A recent Harvard Corporate Governance blog discusses the proliferation of voluntary ESG disclosure standards and the interplay between these and mandatory disclosure schemes enacted into law. The blog says that the proliferation of these standards is being driven by increased investor demand for ESG data, but that the emergence of reporting standards like those developed through the ISSB/IFRS partnership will help move those standards toward consolidation, data comparability and, ultimately, standardization.
The blog also makes it clear that when it comes to ESG disclosure standards, it isn’t the US that’s driving the bus:
“The United States has been far slower than Europe in regulating ESG disclosures. Other than long-standing financial, risk, and litigation disclosure requirements appliable to public companies regarding environmental issues and, since 2020, material aspects of a company’s human capital management, there have been virtually no mandatory requirements and only limited regulatory guidance for disclosure on sustainability issues by public companies listed or based in the United States.”

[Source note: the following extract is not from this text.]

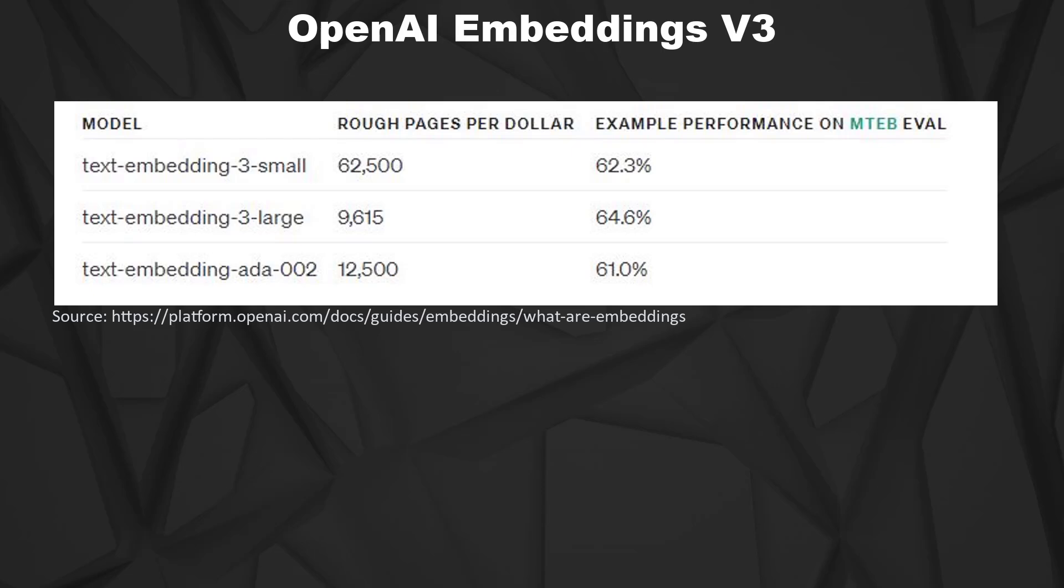And even the large model is only around 25% more expensive than ADA002. So I think that's a totally fine price, so no high surcharges or anything like with GPT-4.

While much attention in recent years has been focused on the SEC’s efforts to mandate climate disclosure by public companies, the fact is that international disclosure standards are proliferating quickly and US companies may find themselves dealing with significant demands imposed by other jurisdictions’ reporting frameworks, like the EU’s CSRD.
There has been a long-standing sentiment by some that reporting standards should consolidate so that there are less frameworks creating conflicting reporting burdens for companies. The blog indicates that more frameworks are attempting to work in concert in ways that supplement and reinforce one another rather than creating duplicative standards. With stronger and more widely spread standards, accountability increases and the risks of greenwashing are diminished.